Problem details — With pictures left out, please repeat word for word the lines from the one containing "Bianco Lucci Sweter" through the end of the records.

Data extract —
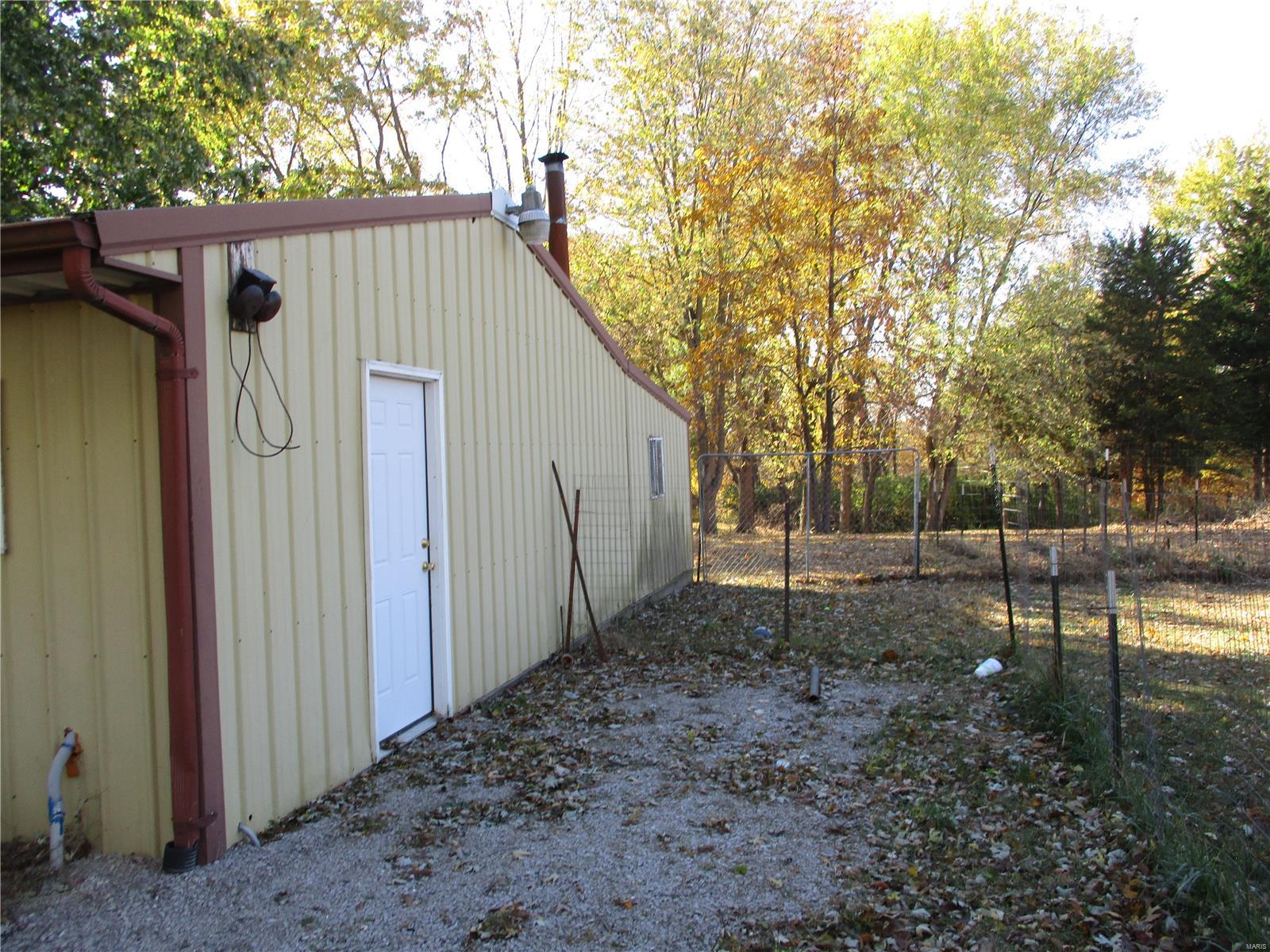 4249 Palestine Road Chester, IL 62233 - Photo 14 of 33 Gallery Image 14
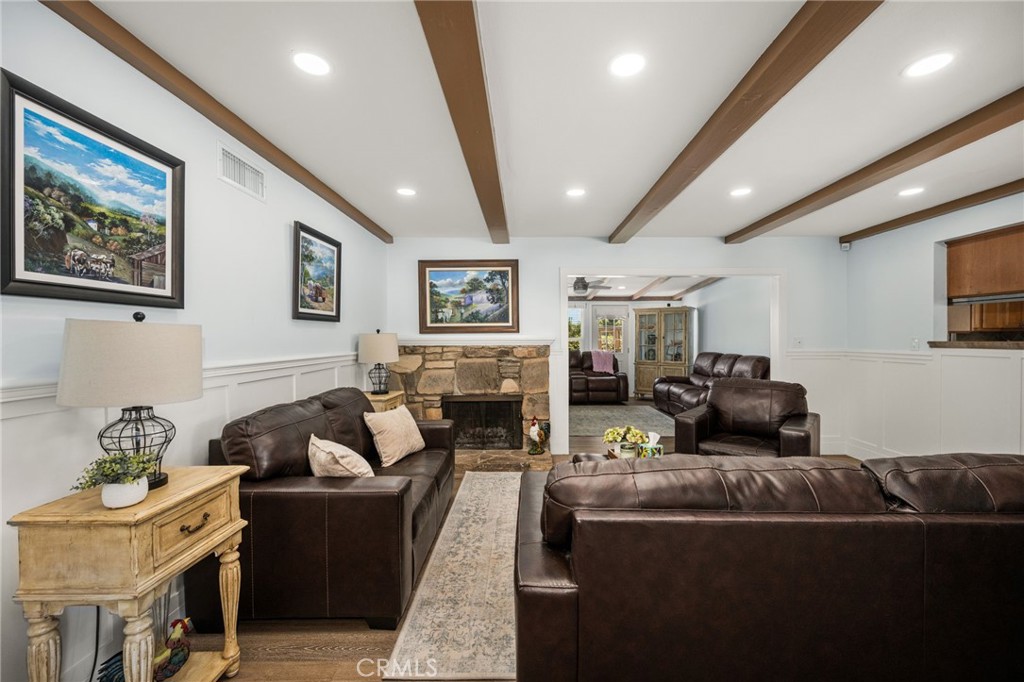 1136 E Rosewood Ave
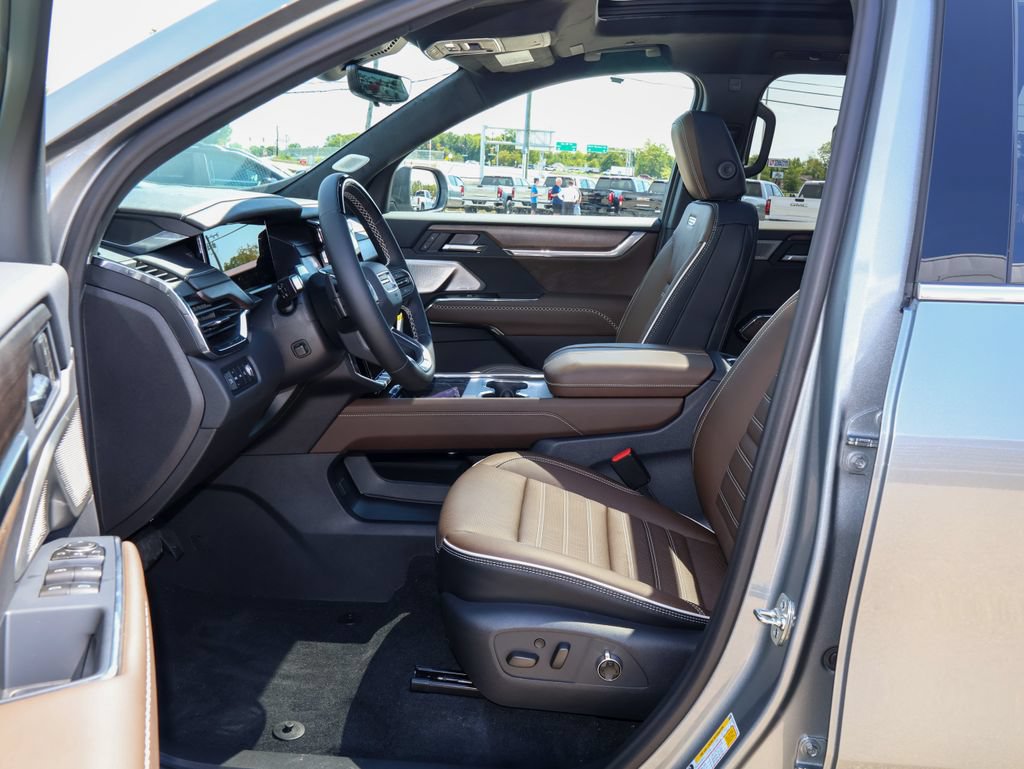 2027 GMC Acadia Denali Ultimate - Photo 8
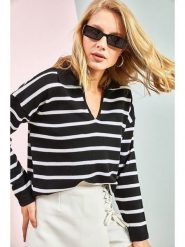 Bianco Lucci Sweter w kolorze czarno-białym rozmiar: onesize. Czarne swetry klasyczne damskie Bianco Lucci, bez kołnierzyka. Za 73.99 zł.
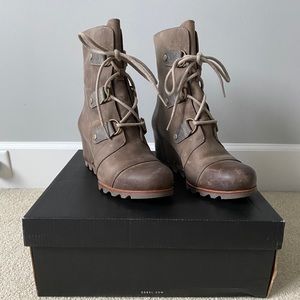 Woman’s Sorel Joan of Arctic Wedge Mid Boot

Answer area —
 Bianco Lucci Sweter w kolorze czarno-białym rozmiar: onesize. Czarne swetry klasyczne damskie Bianco Lucci, bez kołnierzyka. Za 73.99 zł.
 Woman’s Sorel Joan of Arctic Wedge Mid Boot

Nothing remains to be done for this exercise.